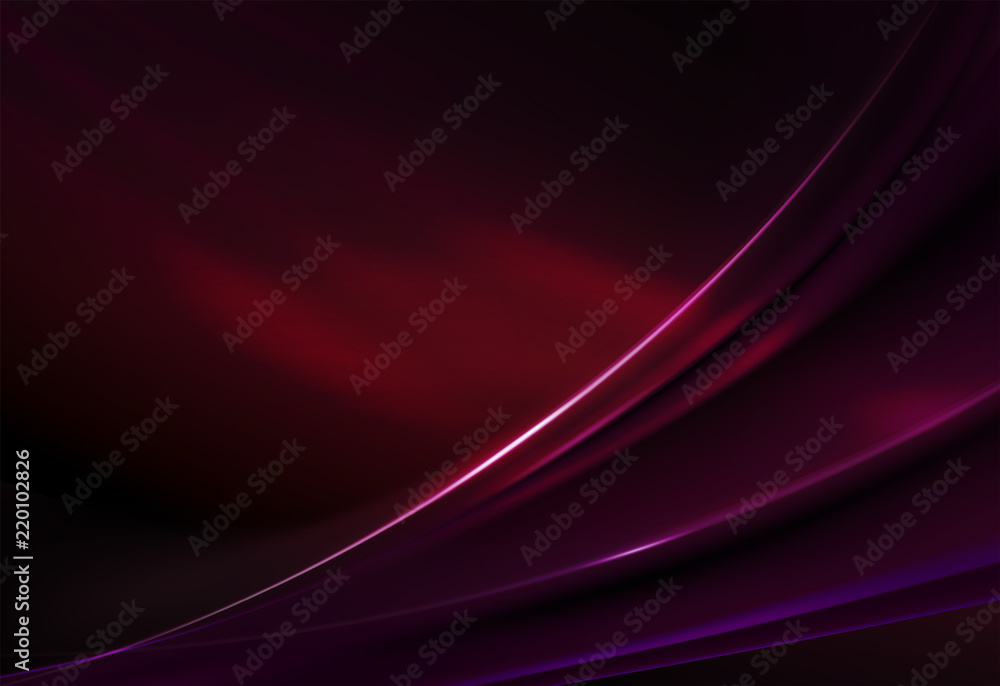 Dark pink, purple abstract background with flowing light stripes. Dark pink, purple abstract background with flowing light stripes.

---

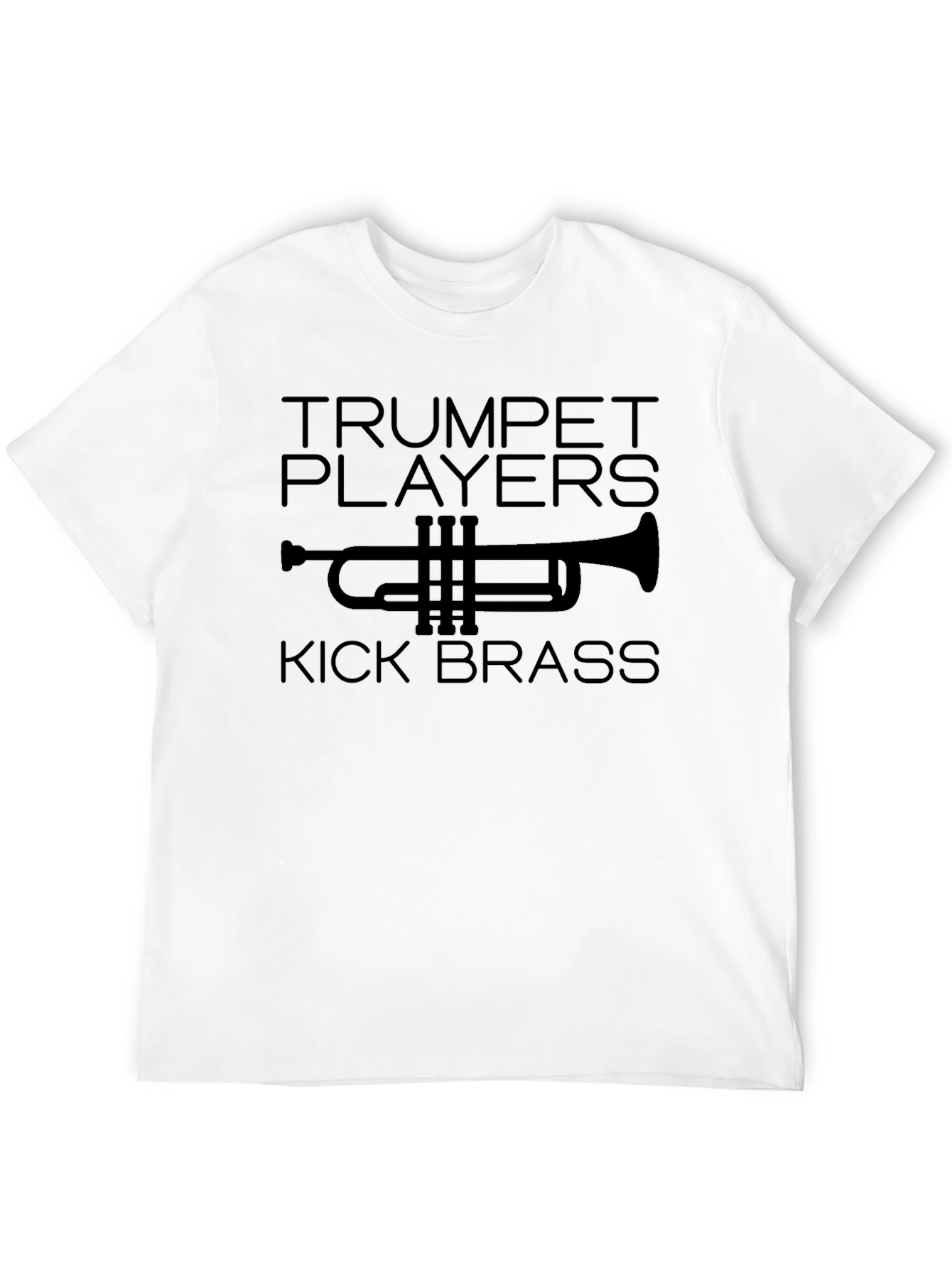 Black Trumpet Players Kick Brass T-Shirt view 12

---

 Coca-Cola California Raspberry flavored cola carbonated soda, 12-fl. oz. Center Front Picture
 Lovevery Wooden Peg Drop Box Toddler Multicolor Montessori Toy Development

**Try it**
Going back over the entries above, copy word for word every line from the one that has "Coca-Cola California Raspberry flavored cola" on through the one that has "Lovevery Wooden Peg".

**Output below**
 Coca-Cola California Raspberry flavored cola carbonated soda, 12-fl. oz. Center Front Picture
 Lovevery Wooden Peg Drop Box Toddler Multicolor Montessori Toy Development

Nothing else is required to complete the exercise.